THE TASK
From the line containing "Play West Long" to the last line of the listing, both included, copy every line exactly and drop the pictures.

[[ EXTRACTED INFORMATION open ]]

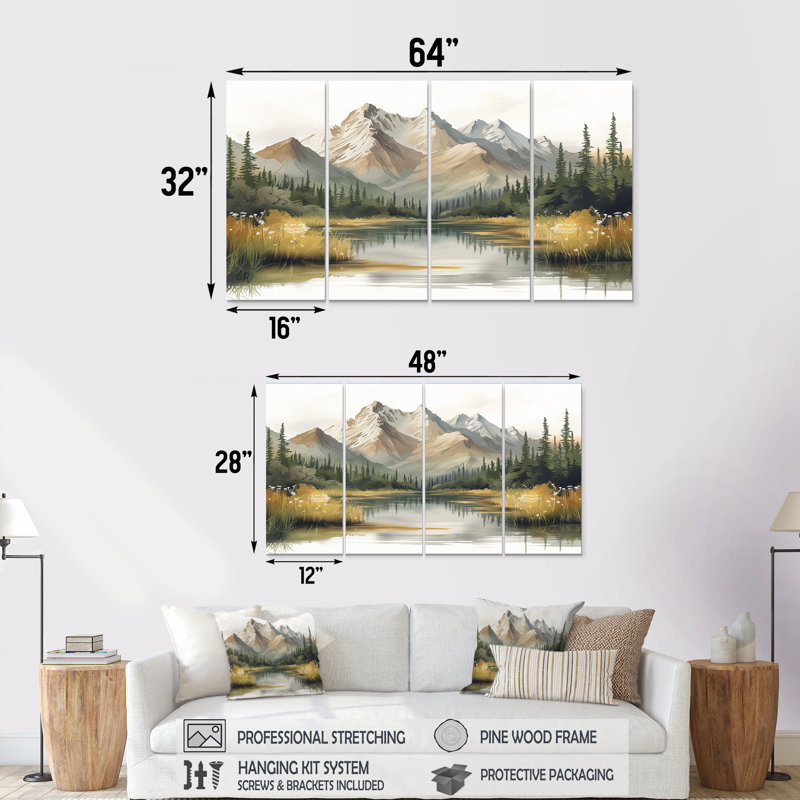 «Alaska Winter River Into Denali National Park II», ensemble d'art sur toile Alaska, H 32 po x l 64 po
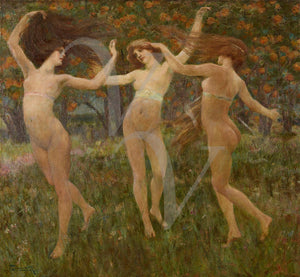 Three dancing female nature nudes painting. Fine Art Print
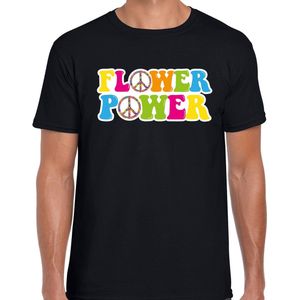 Jaren 60 Flower Power verkleed shirt zwart met gekleurde peace tekens heren - Sixties/jaren 60 kleding XL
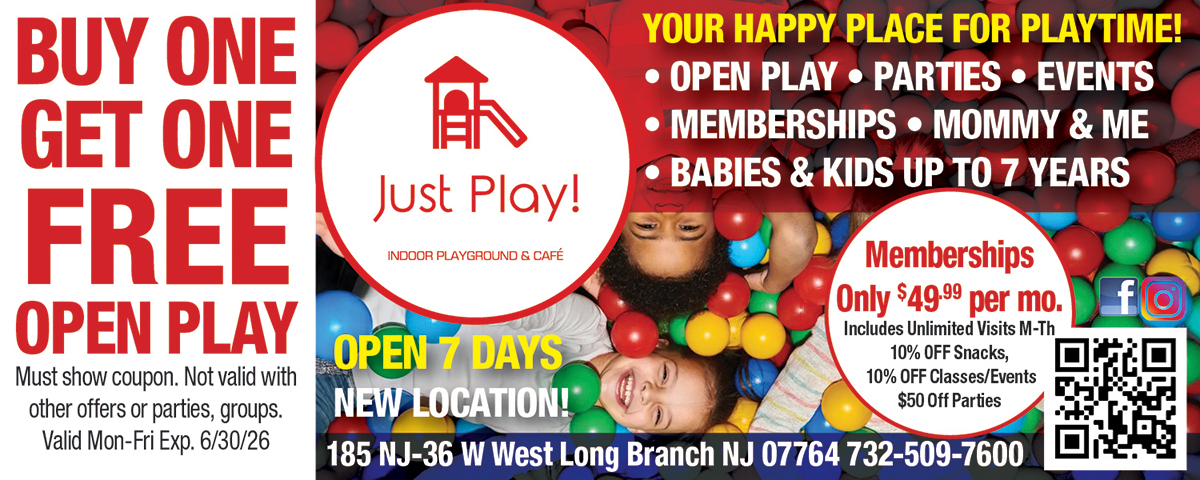 “Just Play West Long Branch NJ coupon offering discounts on indoor playground admission, kids activities, and family fun.”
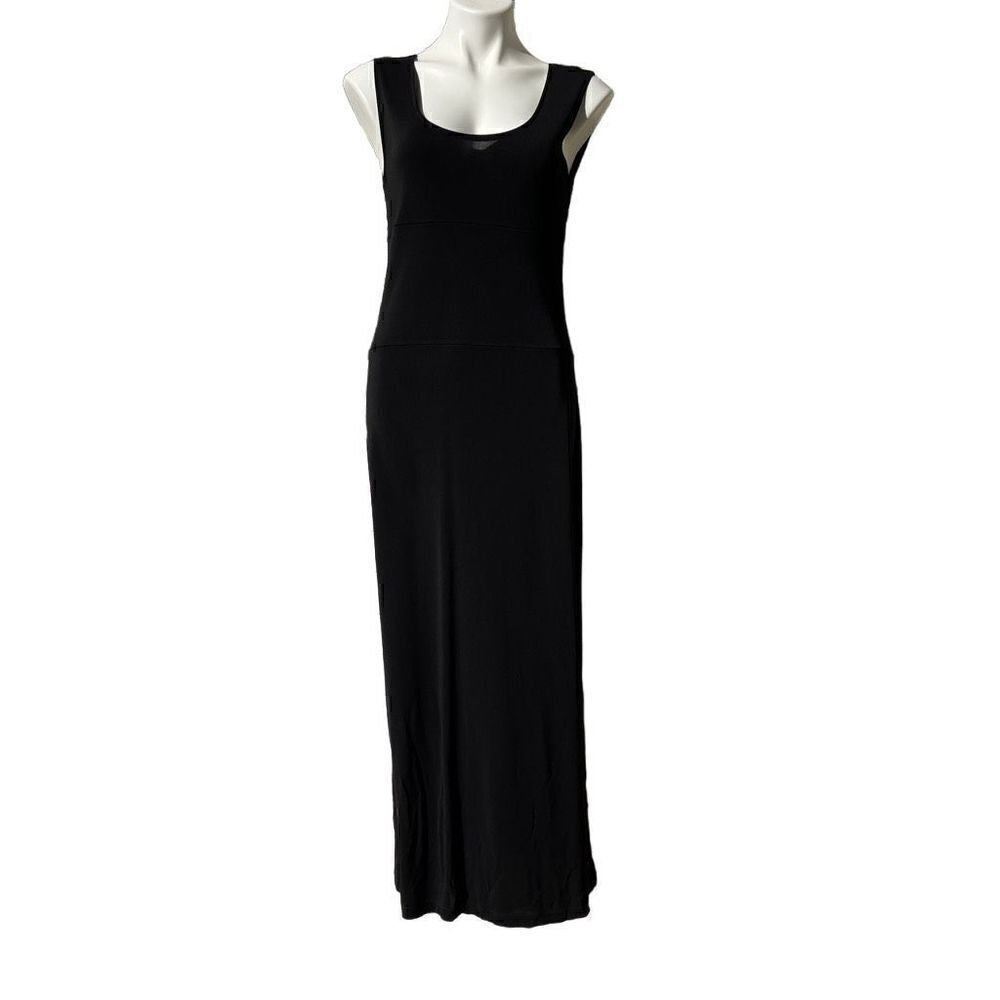 DKNY Womens Maxi Dress Sleeveless Scoopneck Rayon Blend Black Size Large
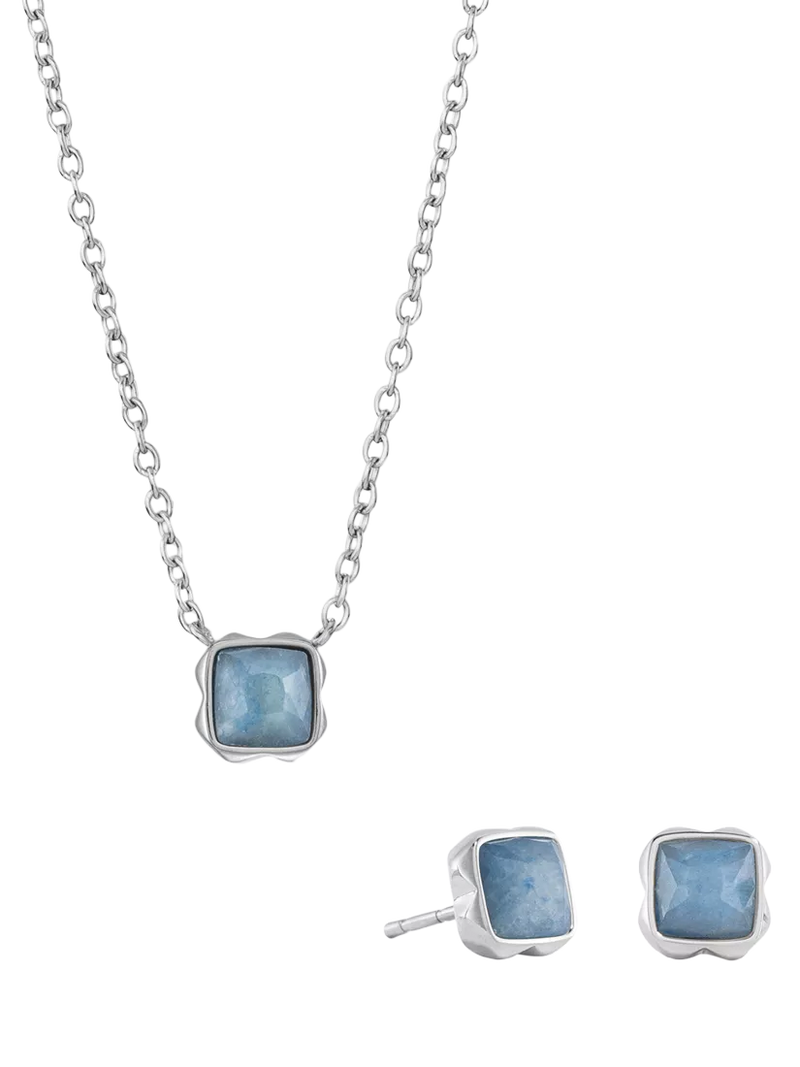 COEUR DE LION Citrin-Anhänger-Halskette und Ohrstecker-Set, Silberton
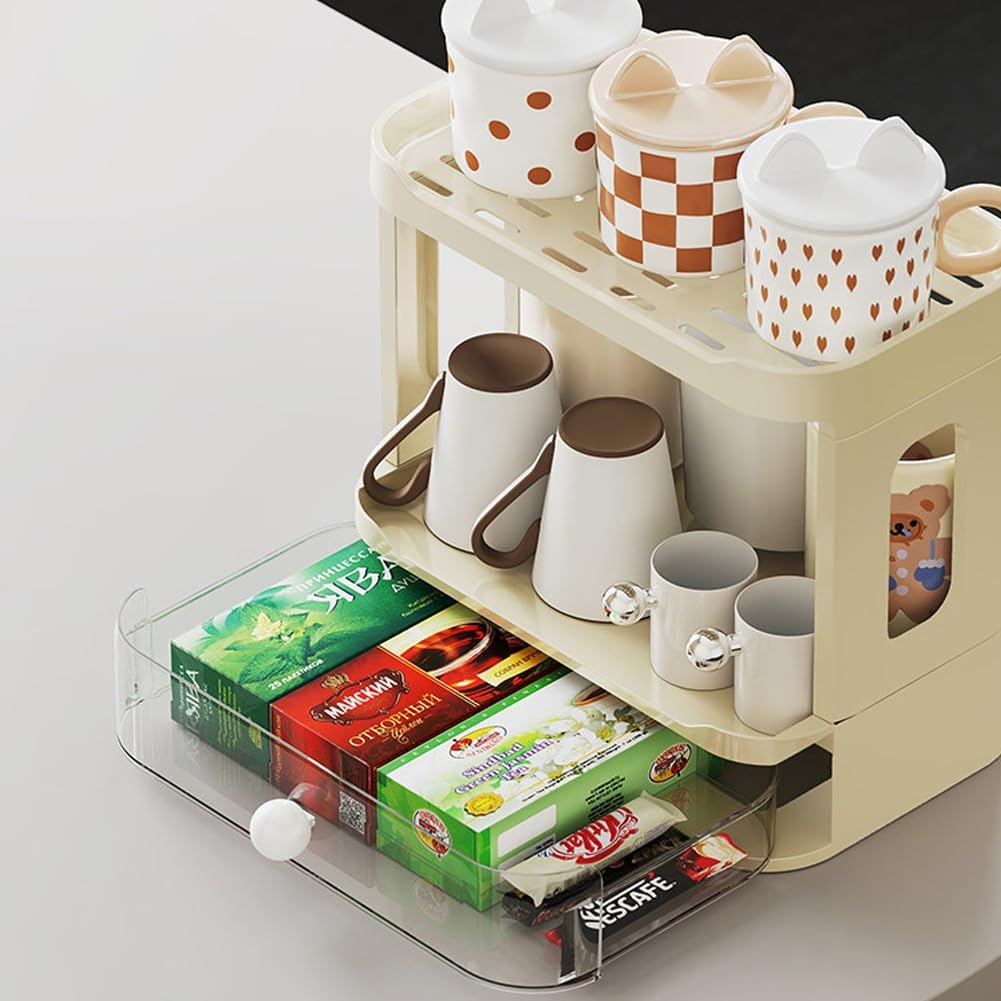 3-Tier Desk Organizers & Dispensers，Mail Holder for Office Desk Organization，Kitchen Spice Rack or Bathroom Countertop Organizer, Gift for Teachers, Classmates, and Friends (Beige)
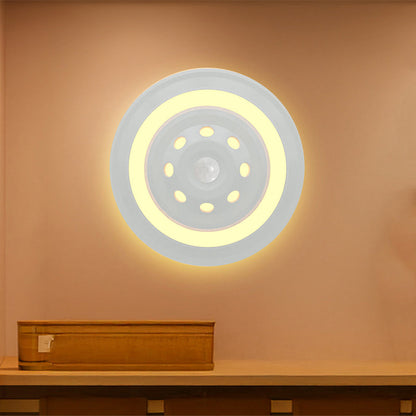 Rechargeable ABS Round UFO LED Wall Sconce Lamp Night Light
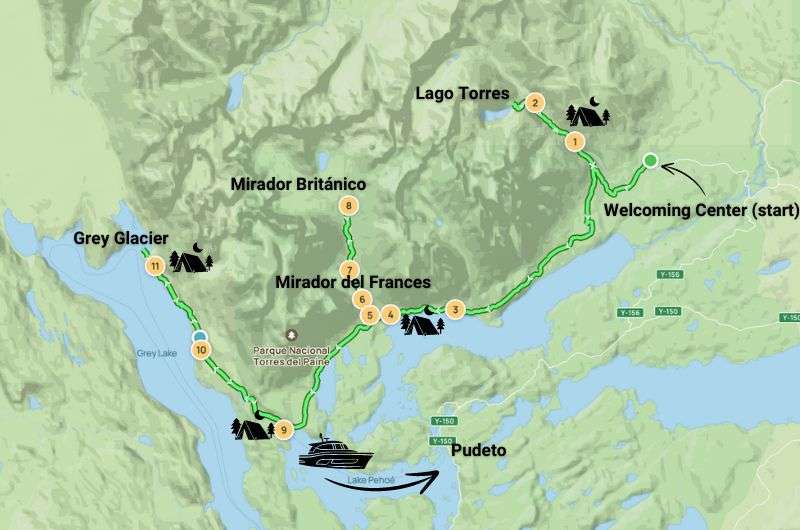 Map showing the trail, highlights, and camps on W Circuit in Torres del Paine, Chile, map by Next Level of Travel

[[ EXTRACTED INFORMATION closed ]]

PROBLEM SOLUTION
 “Just Play West Long Branch NJ coupon offering discounts on indoor playground admission, kids activities, and family fun.”
 DKNY Womens Maxi Dress Sleeveless Scoopneck Rayon Blend Black Size Large
 COEUR DE LION Citrin-Anhänger-Halskette und Ohrstecker-Set, Silberton
 3-Tier Desk Organizers & Dispensers，Mail Holder for Office Desk Organization，Kitchen Spice Rack or Bathroom Countertop Organizer, Gift for Teachers, Classmates, and Friends (Beige)
 Rechargeable ABS Round UFO LED Wall Sconce Lamp Night Light
 Map showing the trail, highlights, and camps on W Circuit in Torres del Paine, Chile, map by Next Level of Travel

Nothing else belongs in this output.